Another strategy for improving computational efficiency consists of discretizing the state space and constructing rules for moving among those states. The resulting scheme can be represented as a graph or network,28 and the kinetics on this graph is often assumed to have Markovian behavior.16–21 This approach is particularly well suited for reduced lattice models, and was first introduced in that context.16 For systems with a continuous state space, some form of discretization is required. This can be done by clustering based on chosen reduced coordinates18,28 or using other automated methods.21,29,30 These clusters must be chosen carefully so as to satisfy the Markovian condition.19,20,31,32 Alternatively, the discretization can be based on an analysis of the minima and/or saddle points of the energy surface,17,33,34 which can be used to build a tree-like representation of the potential- or free-energy surface (the “disconnectivity graph”) or to perform a discretized version of transition path sampling.35 The location of all minima or saddle points, however, can be a serious challenge for high-dimensional systems, though it has been shown that this is possible for peptide systems.34,36 A hybrid approach has also been proposed that makes use of molecular dynamics to infer local transition regions to build disconnectivity graphs.37
While discretization methods based on the clustering of microstates are very powerful, in that they can greatly increase the computational efficiency and allow for the possibility of studying multiple pathways (to the degree that the discretization allows it), they do suffer from some disadvantages. As previously noted,11,26 a careless choice of reduced coordinate can lead to incorrect kinetics. Furthermore, although a properly constructed kinetic network model will preserve the correct populations of the chosen macrostates, the correctness of populations and potentials of mean force (PMFs) for other reduced coordinates is not guaranteed.

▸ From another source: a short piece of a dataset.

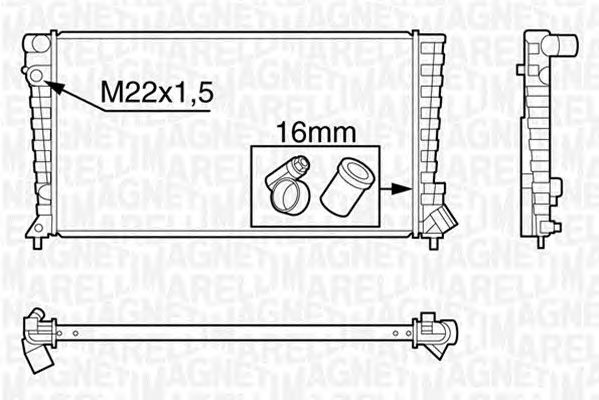 Radiator, racire motor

Generalized ensemble methods38 such as replica exchange molecular dynamics (REMD)39 have been developed which enhance the ability to obtain accurate canonical populations in complex systems by increasing sampling efficiency.40 However, since REMD involves temperature swaps between MD trajectories, it is not straightforward to obtain kinetic information from such simulations. 14,20,41 While approaches based on Markovian models of kinetics between macrostates have been used for this purpose,32 we have chosen to make use of a kinetic network model42 in which the nodes correspond to discrete molecular conformations from REMD simulation trajectories (rather than macrostates), and the edges are derived from an ansatz based on structural similarity. While this model was shown to yield physically plausible kinetics,42 the scheme which was used to weight nodes arising from different simulation temperatures was such that thermodynamic parameters of the system were not exactly preserved.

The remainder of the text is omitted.